Problem description
Using the material below, print a verbatim copy of every line from the one containing "Image of 'Headdress" through the one containing "3 Snowboards - Burton, GNU", inclusive, and omit the pictures.

Record excerpts
--- START ---

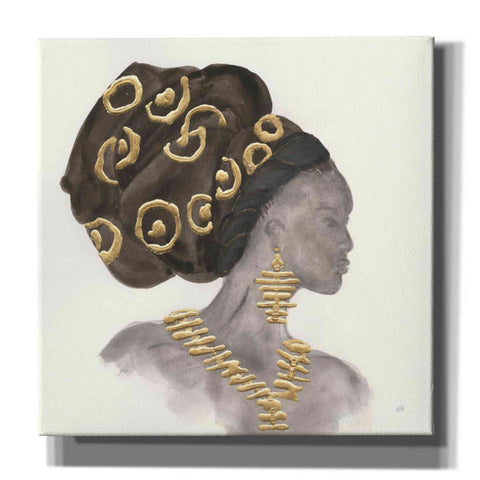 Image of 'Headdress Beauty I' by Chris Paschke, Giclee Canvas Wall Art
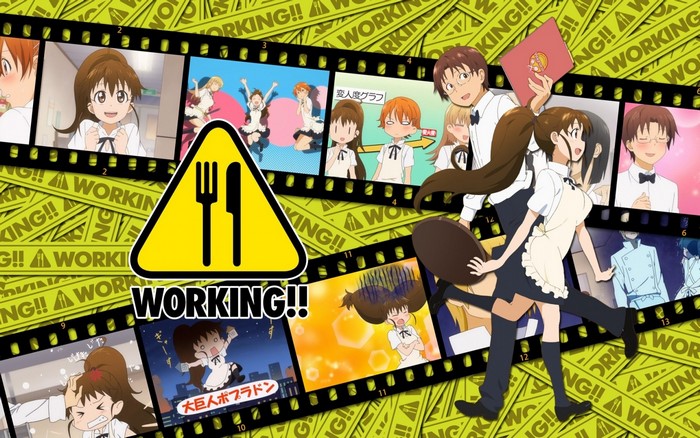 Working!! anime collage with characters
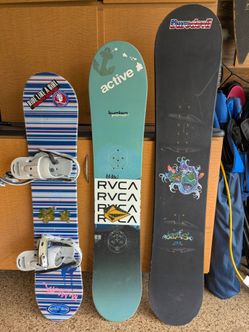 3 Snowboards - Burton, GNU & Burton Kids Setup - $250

--- END ---
--- START ---

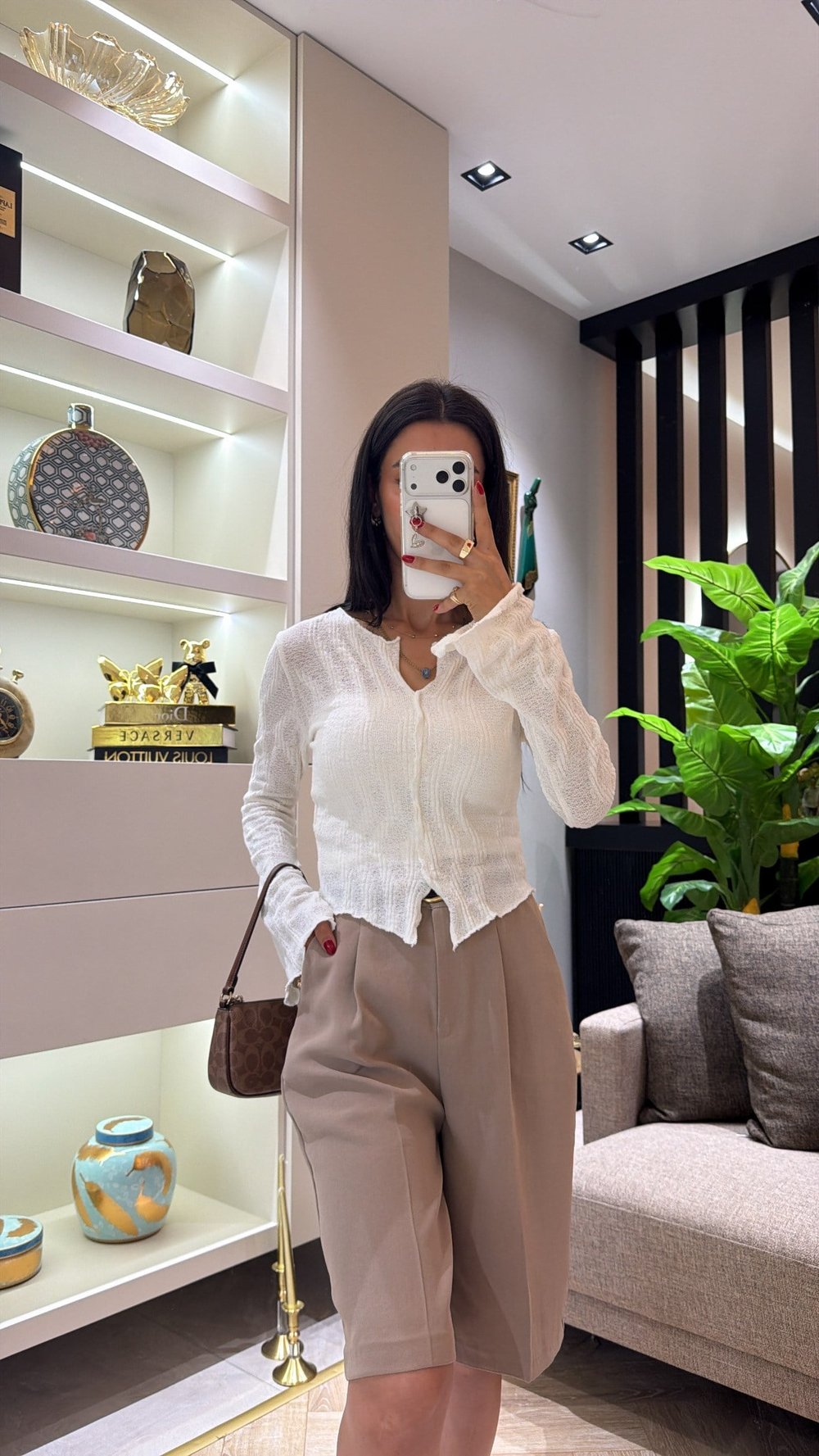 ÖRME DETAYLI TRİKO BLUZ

--- END ---

Expected answer
 Image of 'Headdress Beauty I' by Chris Paschke, Giclee Canvas Wall Art
 Working!! anime collage with characters
 3 Snowboards - Burton, GNU & Burton Kids Setup - $250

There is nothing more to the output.